◆ **Exercise aim**
Every record should be restated exactly, with no images included.

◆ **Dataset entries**

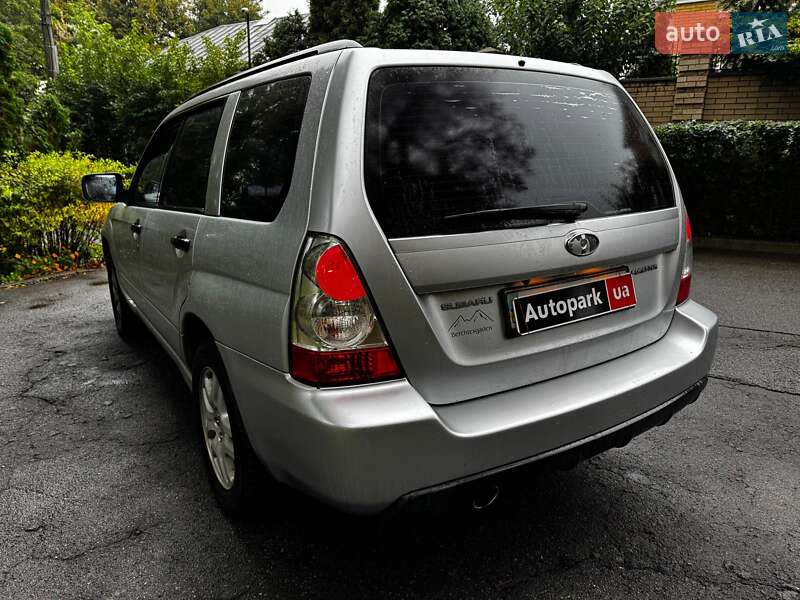 Позашляховик / Кросовер Subaru Forester 2006 в Києві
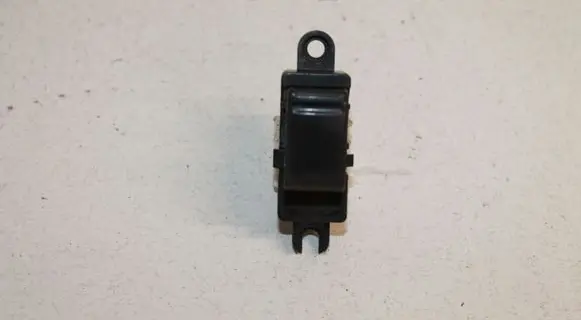 Nissan X-Trail T30 Electric window control switch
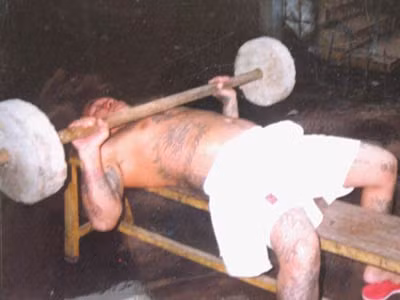 Trong trại giam Công An tỉnh Tiền Giang, Hải "Bánh" vẫn chăm chỉ tập thể thao.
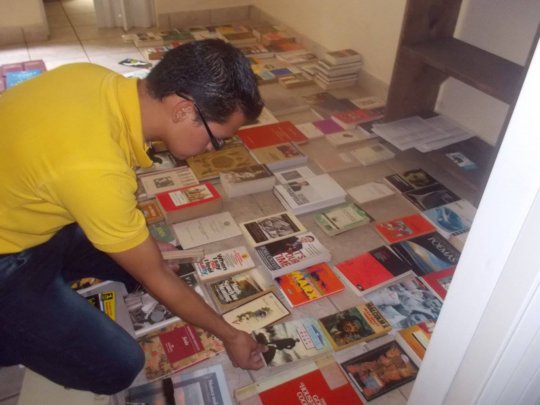 Saul organizing our library at La Academia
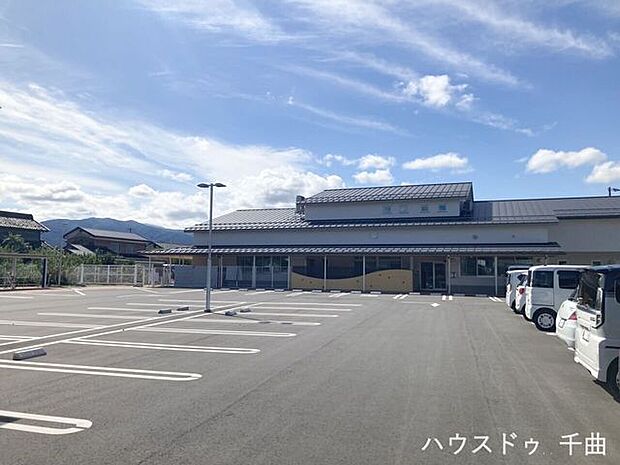 屋代保育園 290m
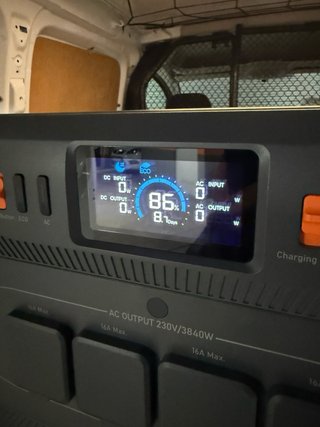 Estación de energía BLUETTI Apex 300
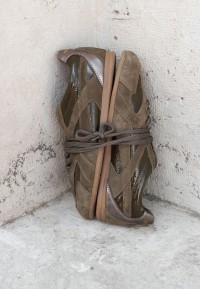 Draufsicht auf Haboob AYLA grüne Wildleder-Sneaker mit Lackleder-Details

◆ **Written solution**
 Позашляховик / Кросовер Subaru Forester 2006 в Києві
 Nissan X-Trail T30 Electric window control switch
 Trong trại giam Công An tỉnh Tiền Giang, Hải "Bánh" vẫn chăm chỉ tập thể thao.
 Saul organizing our library at La Academia
 屋代保育園 290m
 Estación de energía BLUETTI Apex 300
 Draufsicht auf Haboob AYLA grüne Wildleder-Sneaker mit Lackleder-Details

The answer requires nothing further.